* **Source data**
________________
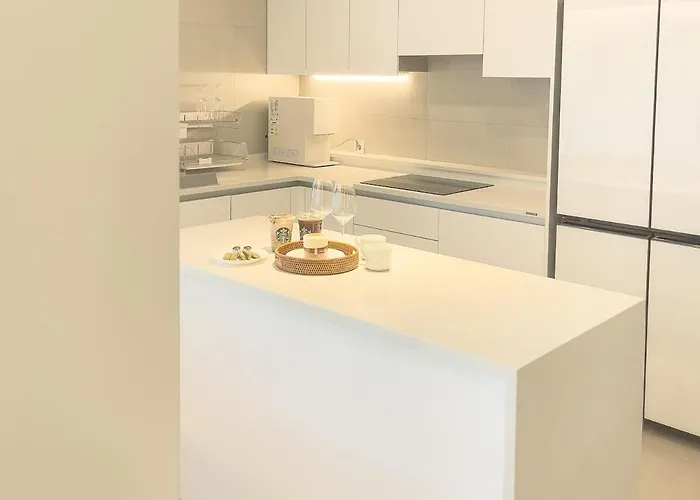 이터널 블루 웨이브 O풀빌라o오션뷰o핀란드식사우나o송도 케이블카o Appartement Busan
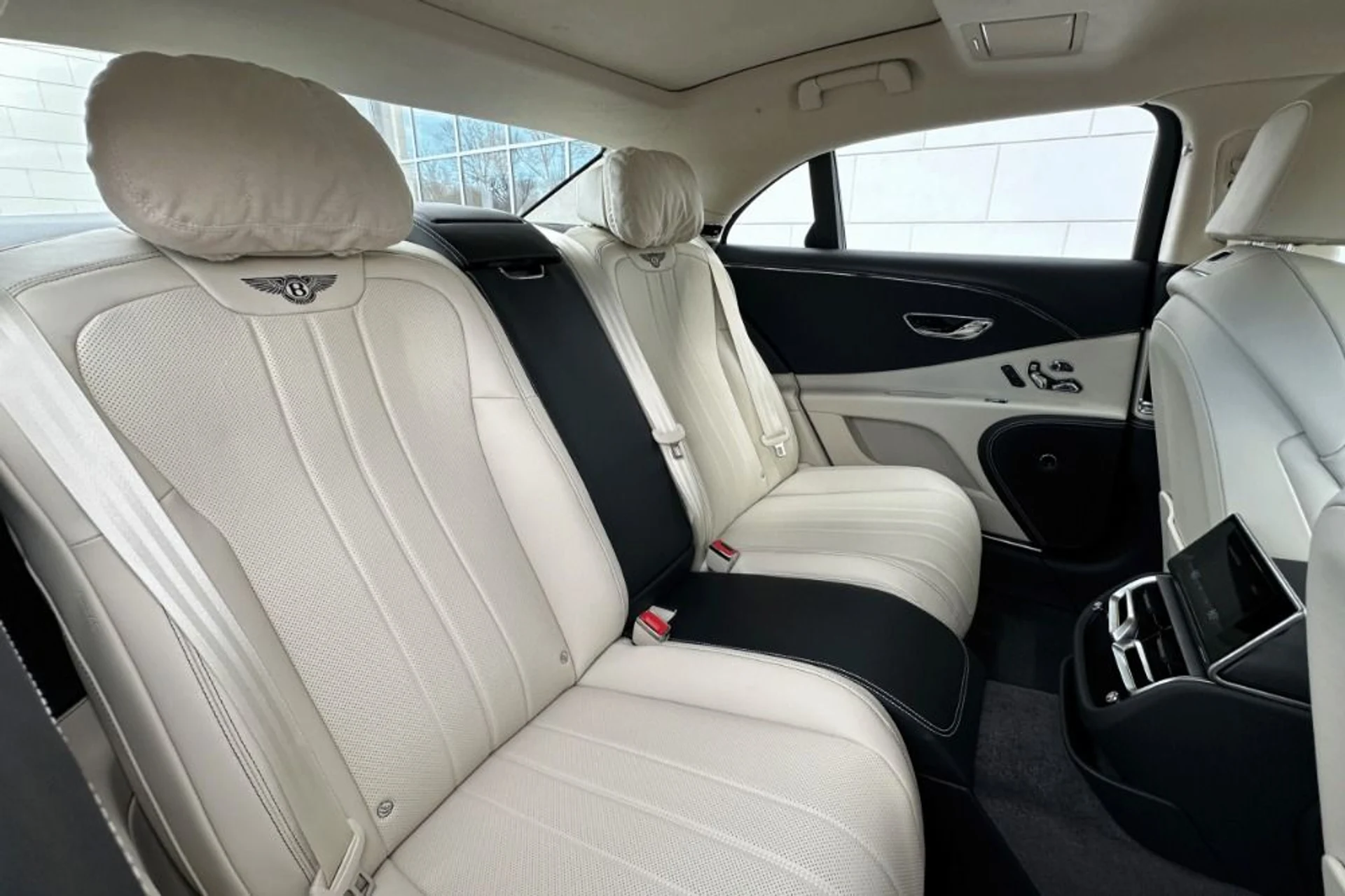 mph014_3917562036_New_2026_Bentley_Flying_Spur_1772716990_1602a65314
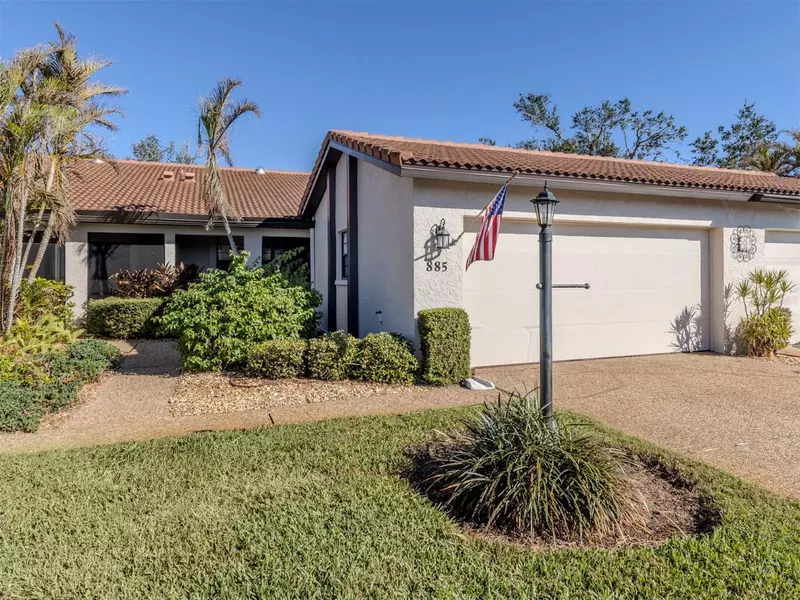 885 COUNTRY CLUB CIR #61, Venice, FL 34293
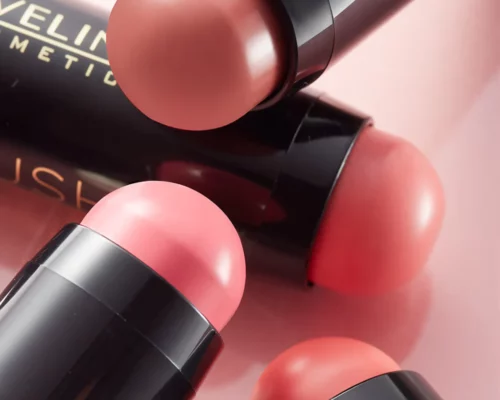 Jak nakładać róż w sztyfcie?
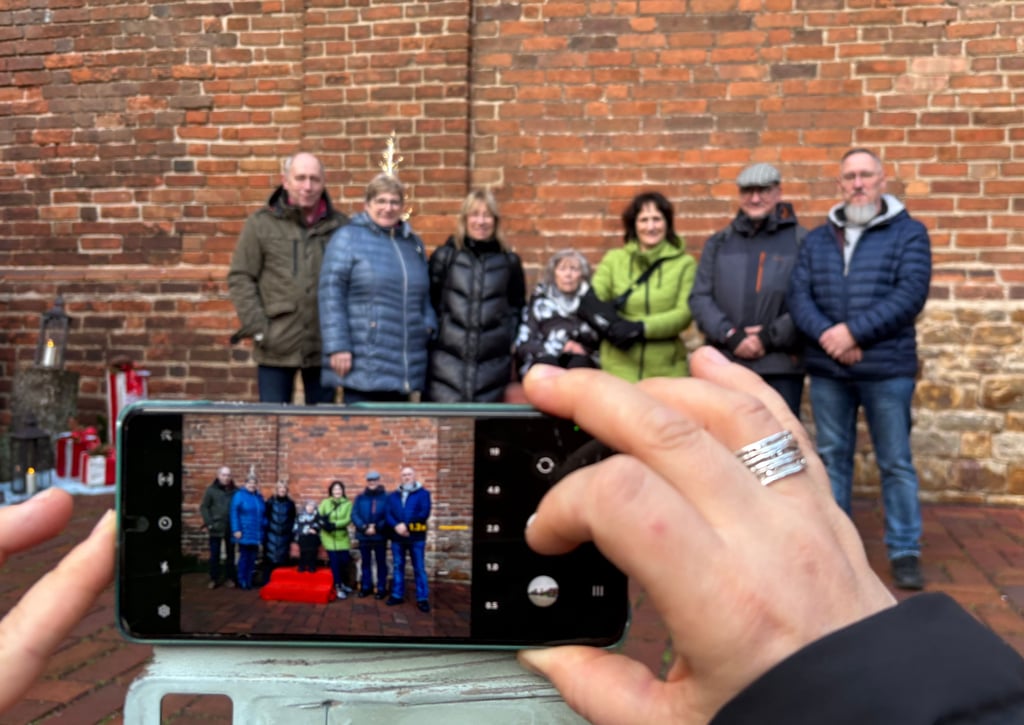 Diese befreundeten Familien stammen ursprünglich aus Havelberg und wohnen mittlerweile in unterschiedlichen Regionen wie Dresden. Beim Adventsmarkt im Kloster Jerichow gibt es ein Wiedersehen - und ein besonderes Erinnerungsfoto.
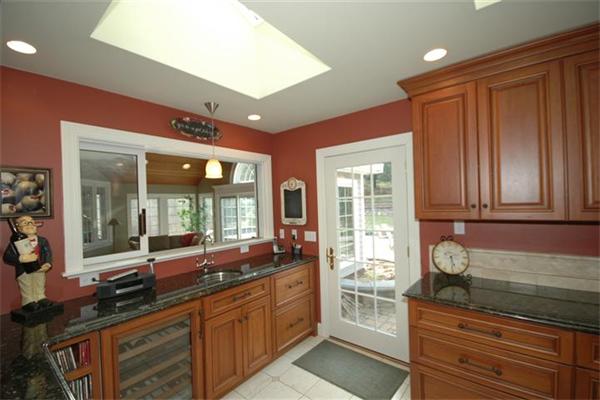 5 Endicott Road Andover, MA 01810 - Photo 4 of 30 Gallery Image 4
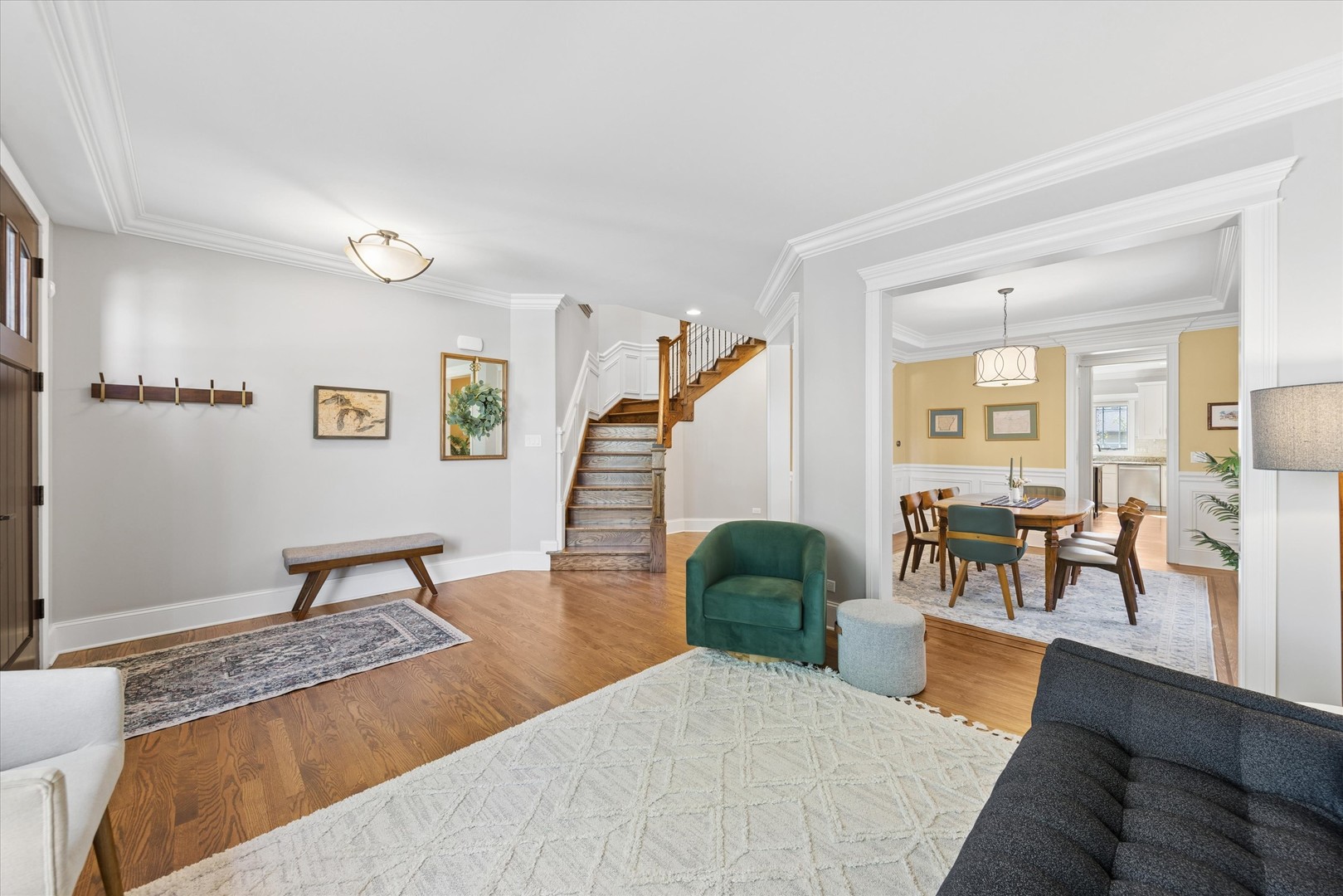 700 S Swain Avenue, Elmhurst, IL 60126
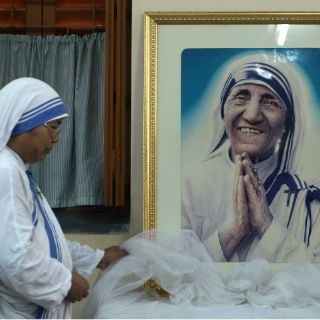 Dos milagros harán santa a la madre Teresa de Calcuta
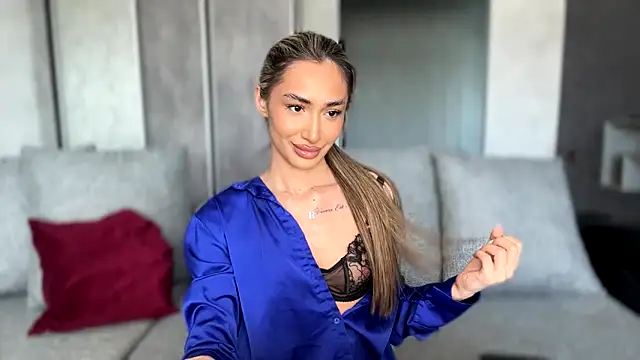 alissadreams online show from June 14, 2026, 8:27 am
________________
Copy out only the lines beginning at the line with "Diese befreundeten Familien" and ending at the last line of the entries. Keep them exact; drop pictures.

* **Response area**
 Diese befreundeten Familien stammen ursprünglich aus Havelberg und wohnen mittlerweile in unterschiedlichen Regionen wie Dresden. Beim Adventsmarkt im Kloster Jerichow gibt es ein Wiedersehen - und ein besonderes Erinnerungsfoto.
 5 Endicott Road Andover, MA 01810 - Photo 4 of 30 Gallery Image 4
 700 S Swain Avenue, Elmhurst, IL 60126
 Dos milagros harán santa a la madre Teresa de Calcuta
 alissadreams online show from June 14, 2026, 8:27 am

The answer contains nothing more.